**Task goal:** Take the lines of the data below from the very first through the line containing "Anthony Hamilton - Rehearsing" and output them exactly, pictures excluded.

[Task input Boundary: Start]

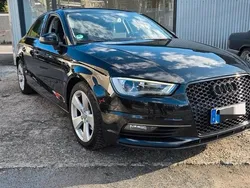 Schwarz Gebraucht 2014 Audi A3 Ambiente Limousine | 11.999 € (Guter Preis)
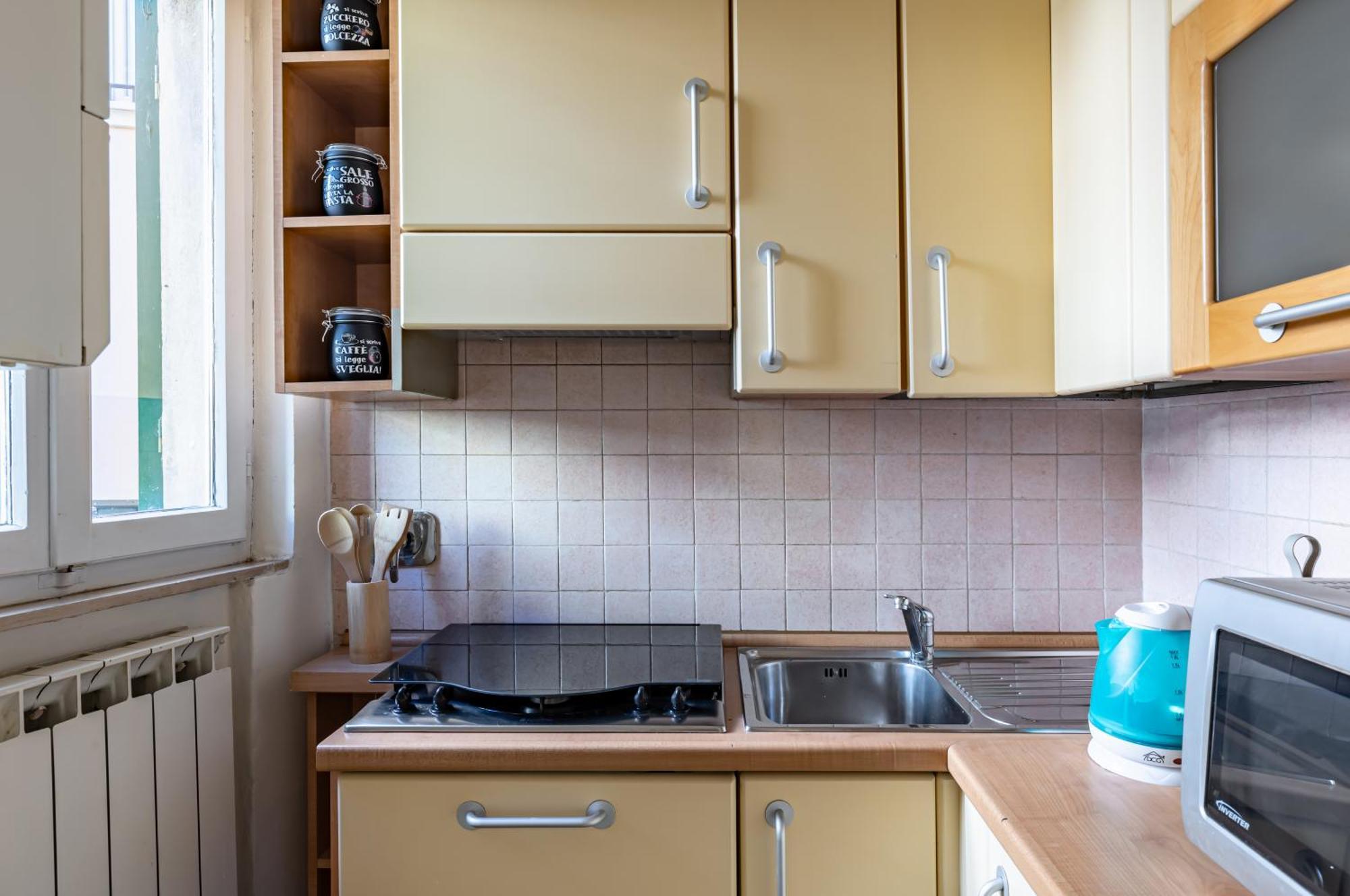 Urban Oasis: Central Apartment With Garden Перуджа Екстер'єр фото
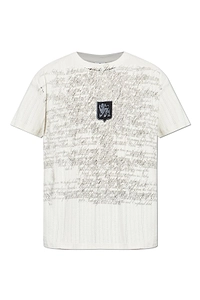 Umbro X Slam Jam Biography Pointelle Baby T-Shirt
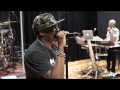 Anthony Hamilton - Rehearsing "I'm a Mess"
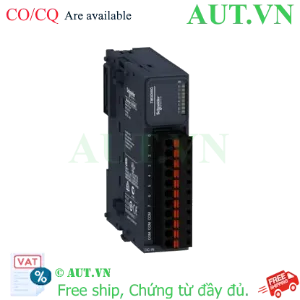 Ảnh của Module Digital Schneider input M221 8DI 24VDC TM3DI8G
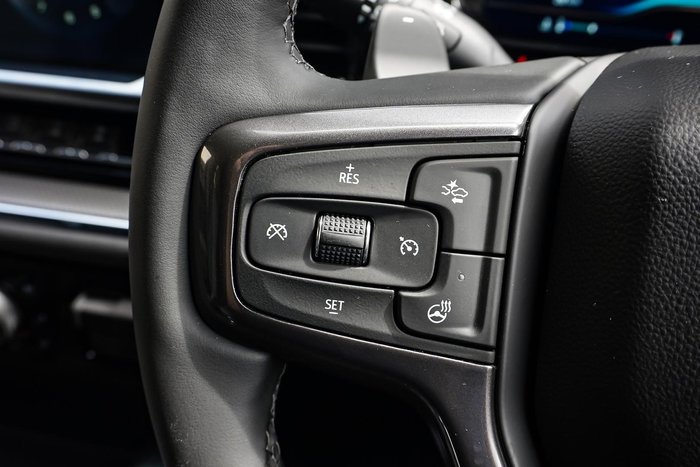 2025 Chevrolet Silverado 1500 ZR2 W/Tech Pack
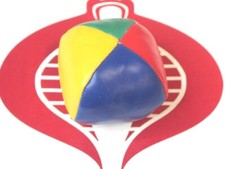 Hacky Sack Blue Red Green Yellow Sack STRESS SACK Bean Sack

[Task input Boundary: End]

**Answer space:**
 Schwarz Gebraucht 2014 Audi A3 Ambiente Limousine | 11.999 € (Guter Preis)
 Urban Oasis: Central Apartment With Garden Перуджа Екстер'єр фото
 Umbro X Slam Jam Biography Pointelle Baby T-Shirt
 Anthony Hamilton - Rehearsing "I'm a Mess"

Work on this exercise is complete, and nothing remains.